_Listed entries_
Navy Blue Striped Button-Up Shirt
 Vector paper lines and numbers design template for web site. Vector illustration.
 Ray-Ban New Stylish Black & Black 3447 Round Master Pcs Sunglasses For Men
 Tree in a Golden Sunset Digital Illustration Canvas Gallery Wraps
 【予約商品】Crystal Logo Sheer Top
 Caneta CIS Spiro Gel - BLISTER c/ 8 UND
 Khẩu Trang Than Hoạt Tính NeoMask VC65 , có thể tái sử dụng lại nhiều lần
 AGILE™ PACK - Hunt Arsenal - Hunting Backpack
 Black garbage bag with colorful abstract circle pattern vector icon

_What the exercise asks_
Starting with the first line of the listing above, copy each line exactly until you have copied the line containing "Tree in a Golden". Stop there.

_Output below_
Navy Blue Striped Button-Up Shirt
 Vector paper lines and numbers design template for web site. Vector illustration.
 Ray-Ban New Stylish Black & Black 3447 Round Master Pcs Sunglasses For Men
 Tree in a Golden Sunset Digital Illustration Canvas Gallery Wraps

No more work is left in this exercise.